流出した情報の中には、内閣サイバーセキュリティセンター(NISC)が実施したサイバーセキュリティーに関する情報共有訓練に参加した組織の名称、参加者の役職、氏名の一部が含まれているとの報告が新たにありましたが、具体的な内容については報告されていません。
日本経済新聞社の報道によると、流出した個人情報は、内閣サイバーセキュリティセンター(NISC)が東京五輪開催中のサイバー攻撃に備えて実施した情報共有訓練の参加者の所属先や役職、名前などです。
組織委員のほかにも、中央省庁や東京都や福島県といった会場となる地方自治体、スポンサー企業を含む約90の組織のセキュリティー担当者ら約170人の情報が漏えいしたとしています。
内閣サイバーセキュリティセンター(NISC)による情報開示が継続されていることは良いことではありますが、報告されている文書に大きな問題があります。
何が問題かと、「第1報の文書では、委託先である富士通株式会社から、当センターの情報システムに関する情報が外部に流出したとの報告を受けました。」とか、「当該プロジェクト情報共有ツールについては、既に停止した旨、報告を受けております。」とか全く、当事者意識のかけらも見当たりません。これは、第2報で報告された文書でも同じ傾向です。
富士通社に委託し、この情報共有ツールを使用していたことが本質的な問題ではありません。
委託先を選定する責任は、事業主である内閣サイバーセキュリティセンター(NISC)にあり、委託先を管理する責任、および内閣サイバーセキュリティセンター(NISC)が取り扱う情報管理の責任は内閣サイバーセキュリティセンター(NISC)にあります。そして、情報漏えい事件の当事者であるにも関わらず、謝罪の一言すらないのです。
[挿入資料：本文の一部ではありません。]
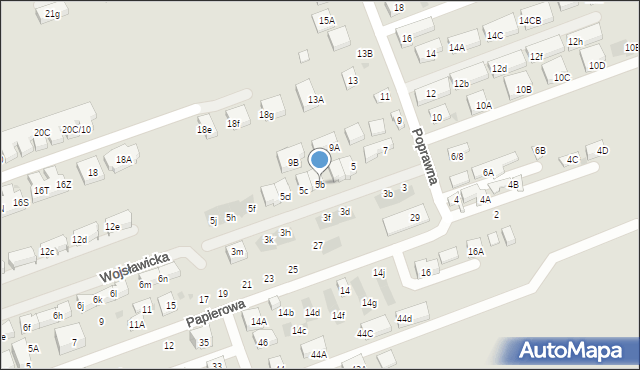 Warszawa, Poprawna, 5b, mapa Warszawy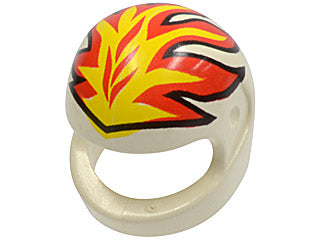 The Motorcycle Helmets for Minifigures feature a white plastic design with bold red, yellow, and black flames on top. This customizable piece is perfect for minifigures and stands out when displayed against a white background.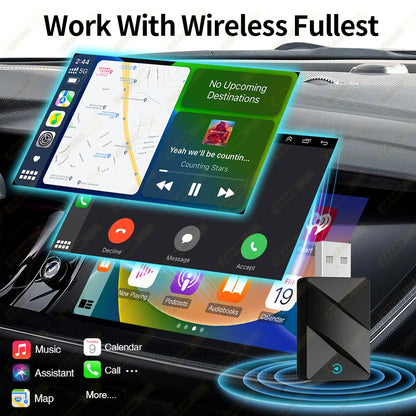 2In1 Wireless Carplay&Android Auto AI Box Wired To Wireless Carpay Mini Adapter Bluetooth For Car with OEM Wired Carplay Box
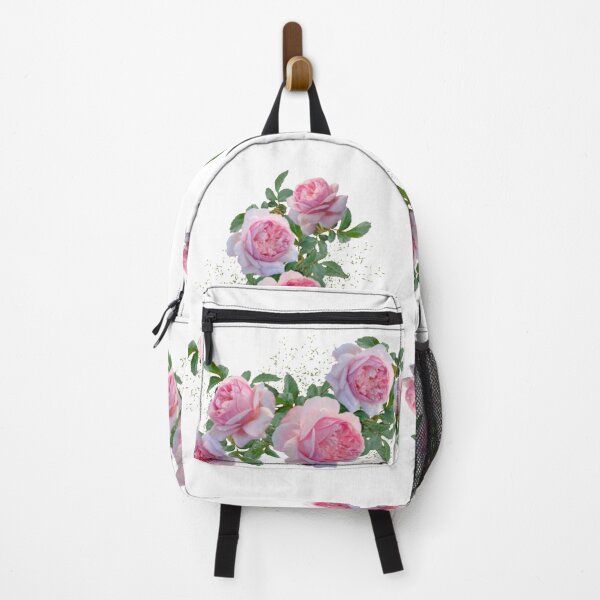 Item preview, Romantic full blossom pink white rose bouquet pattern design with green leaves designed and sold by LeBreab.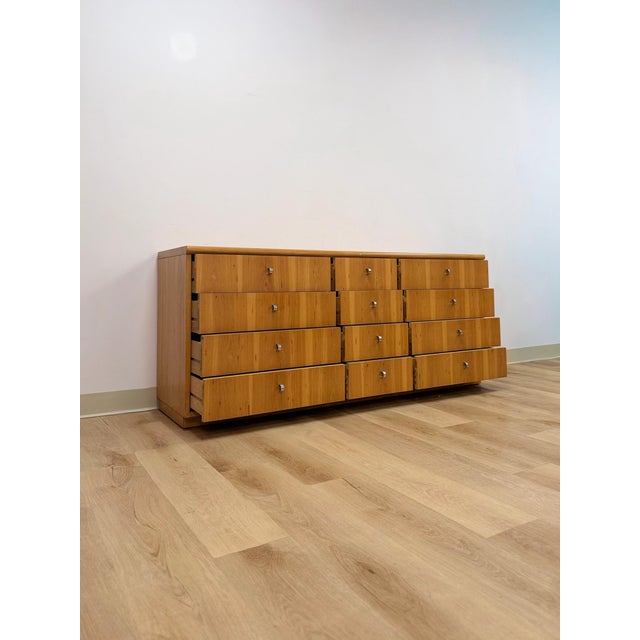 Wood Founders Furniture MCM Blonde Twelve Drawer Dresser Vintage Mid-Century For Sale - Image 7 of 12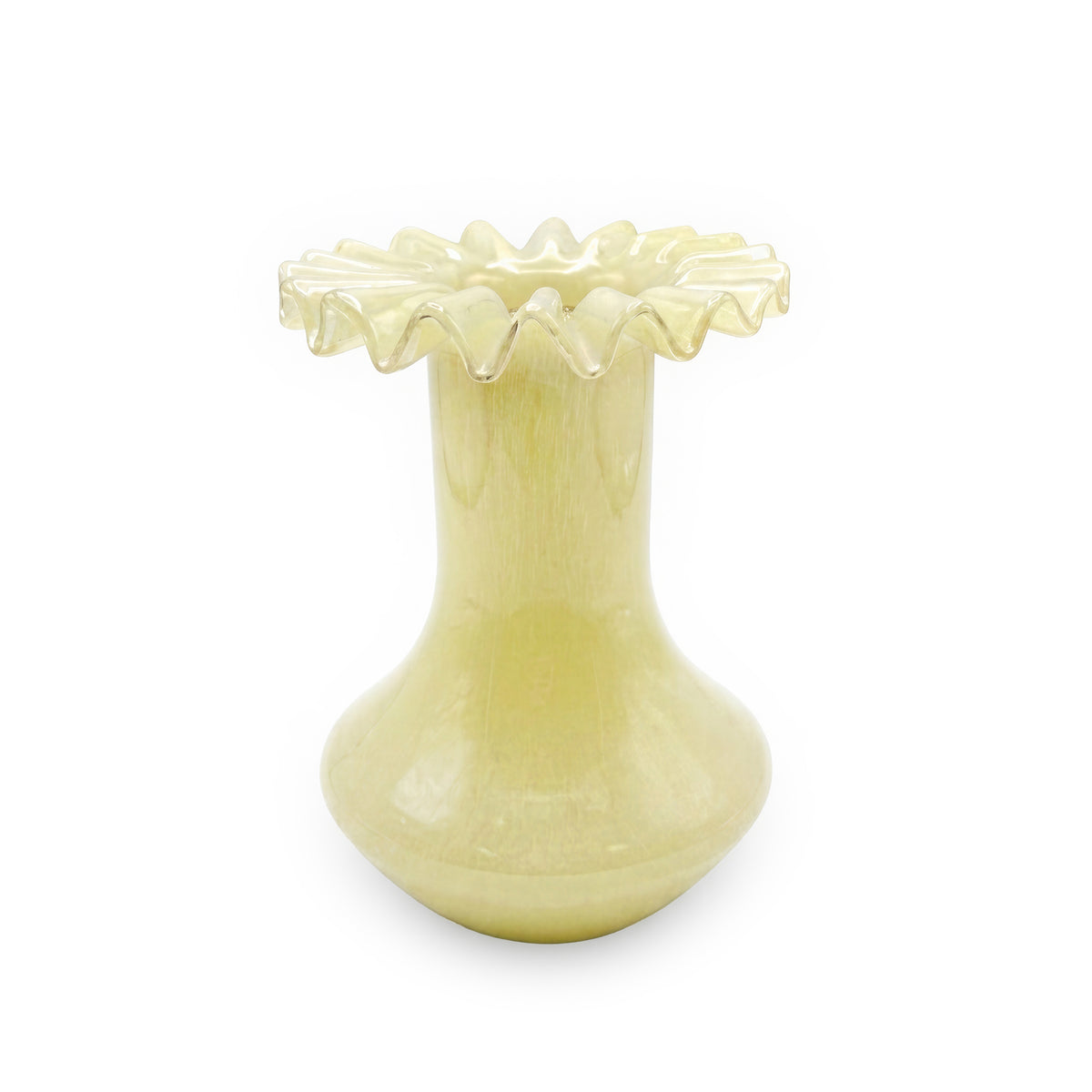Ruff Yellow Tall Neck Glass Vase - Image 1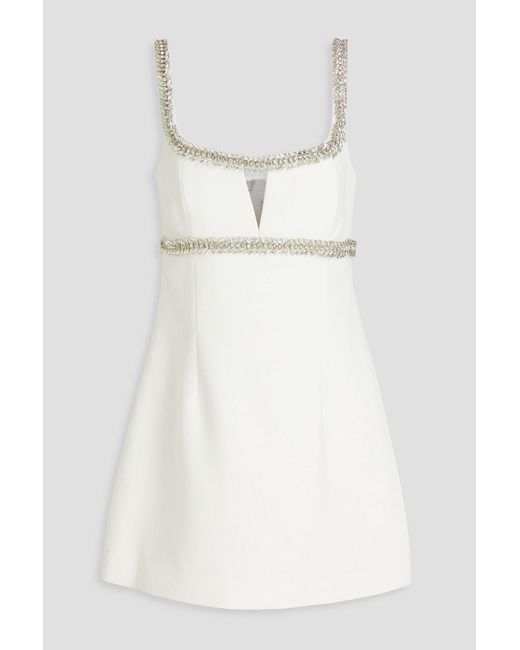 Rebecca Vallance White Alpine Crystal-embellished Crepe Mini Dress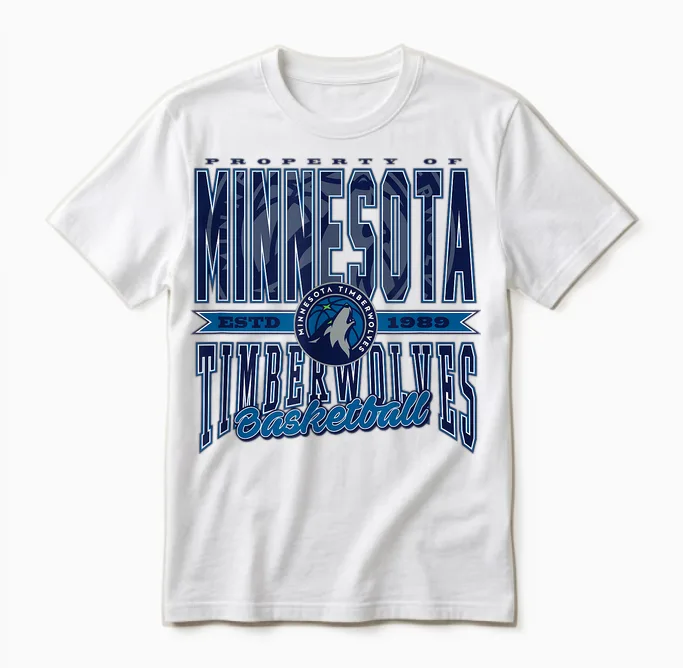 Nba Minnesota Timberwolves Nonstop-Action Unisex T-Shirt in White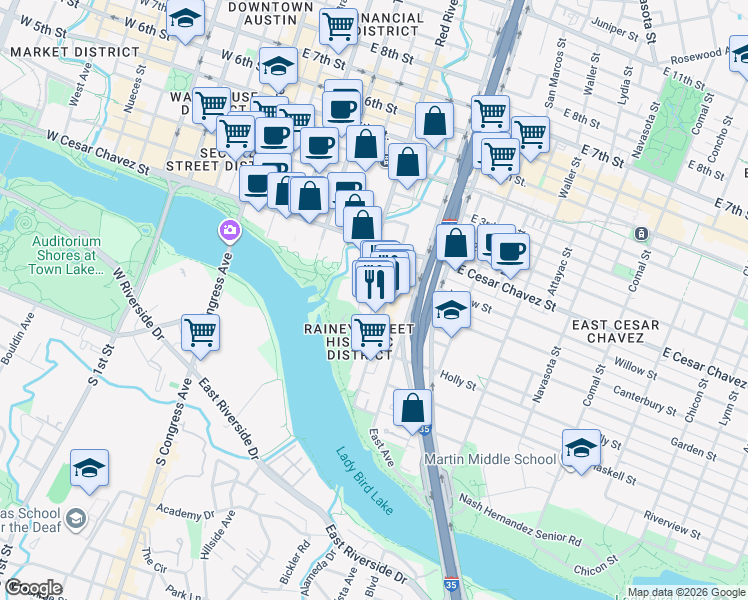 map of restaurants, bars, coffee shops, grocery stores, and more near 85 1/2 Rainey Street in Austin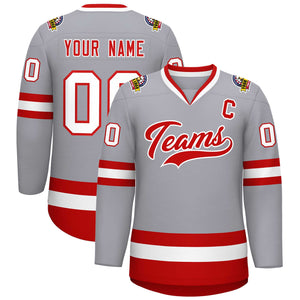 Custom Gray Red-White Classic Style Hockey Jersey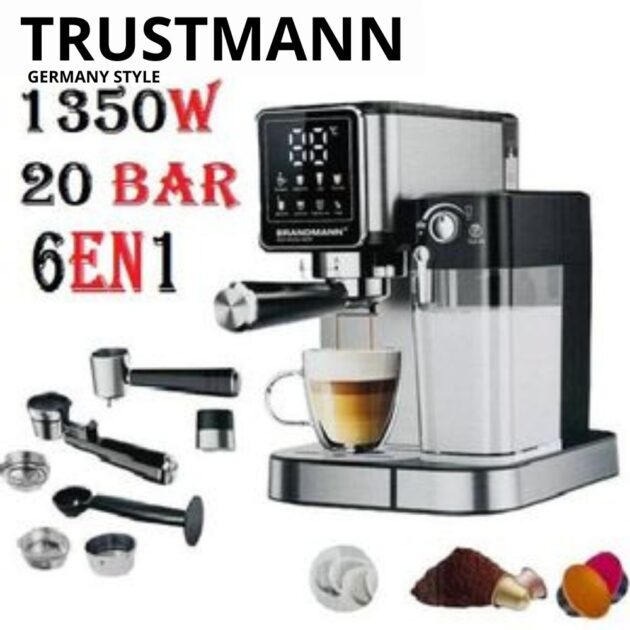 TRUSTMANN Machine A Café 6 EN 1 Avec Réservoir De Lait - 20 Bars 1350 W - CM003-Noir-Agent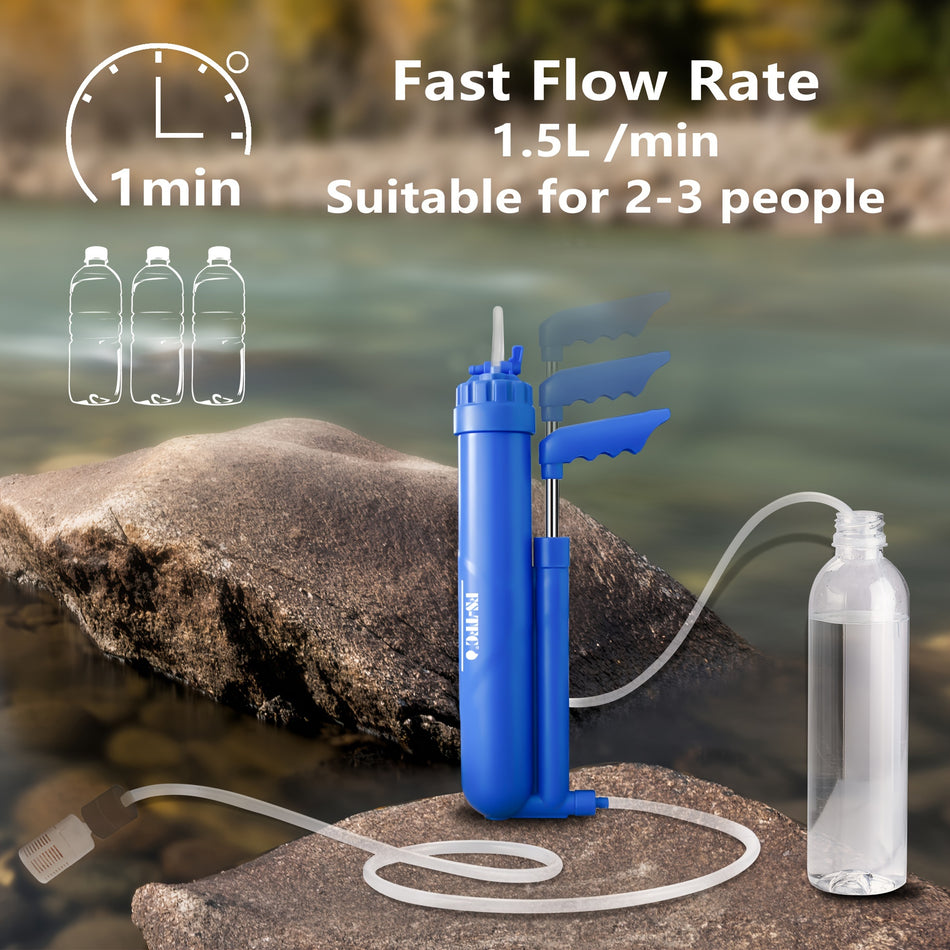 Filtre à eau portable en 6 étages avec ultrafiltration de 0,01 micron pour les aventures en plein air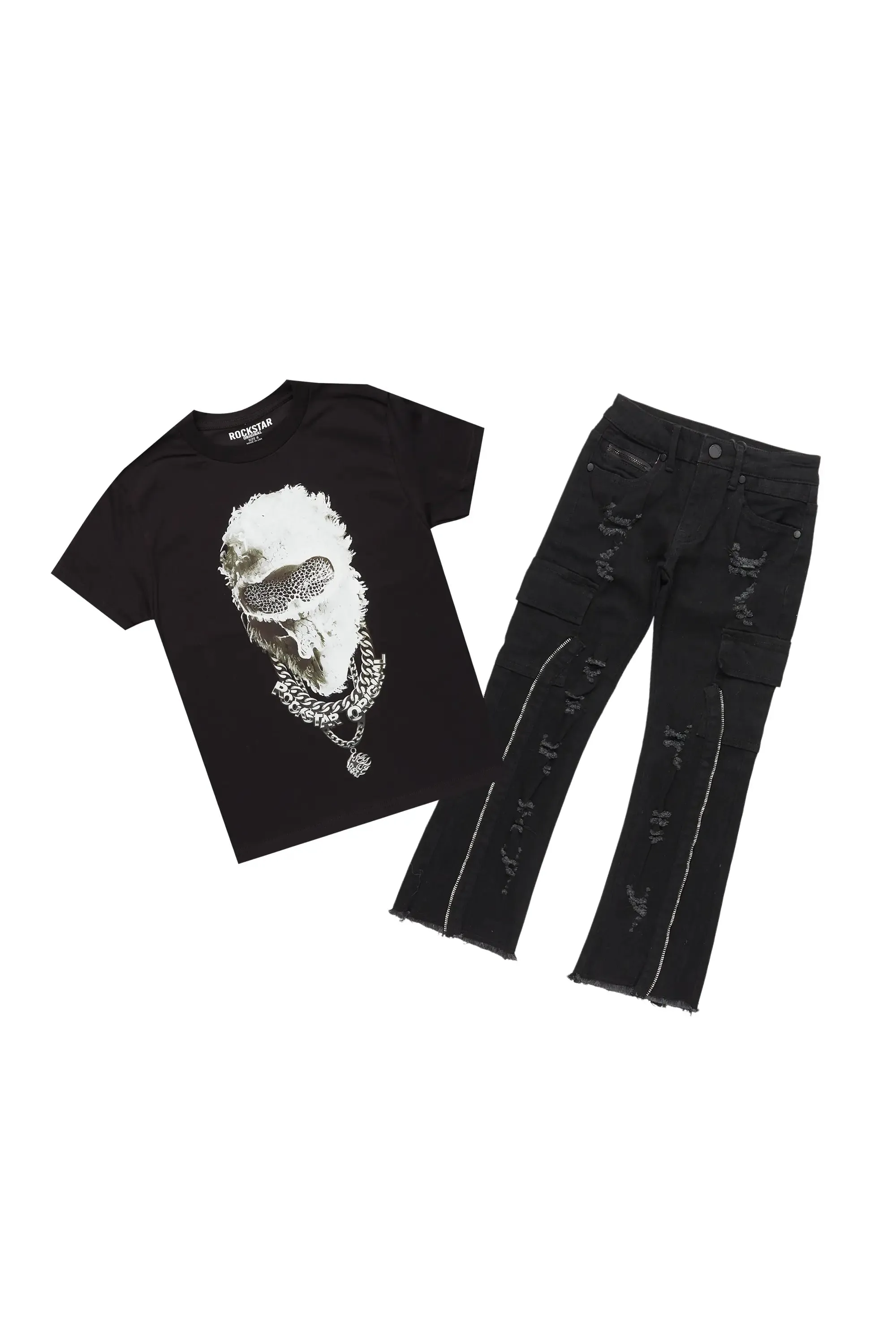 Boys Ponce Black T-Shirt/Stacked Flare Jean Set sold by Rockstar Original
世間に対して発信する文書中に、被害にあった個人宛に対する謝罪を入れなかったことに対しては、内閣サイバーセキュリティセンター(NISC)の考え方として受け入れるにしても、日本の模範となるべき内閣サイバーセキュリティセンター(NISC)として、情報管理責任を全うできなかった組織運営に対しては、事業資金を税金として支払っている国民に対して謝罪すべきではないでしょうか。1民間企業とは立ち位置が違うのです。
これが、日本における行政の中枢機関の行動であることが非常に残念でなりません。
日本の企業の皆さんはきっと、この事例を、反面教師として役立てていけることでしょう。余談ですが、独自に入手して確認した情報漏えいの被害にあった対象組織向け文書では、謝罪の文言はありましたので、直接被害のなかった人には謝罪の必要はないという考え方なのかもしれませんね。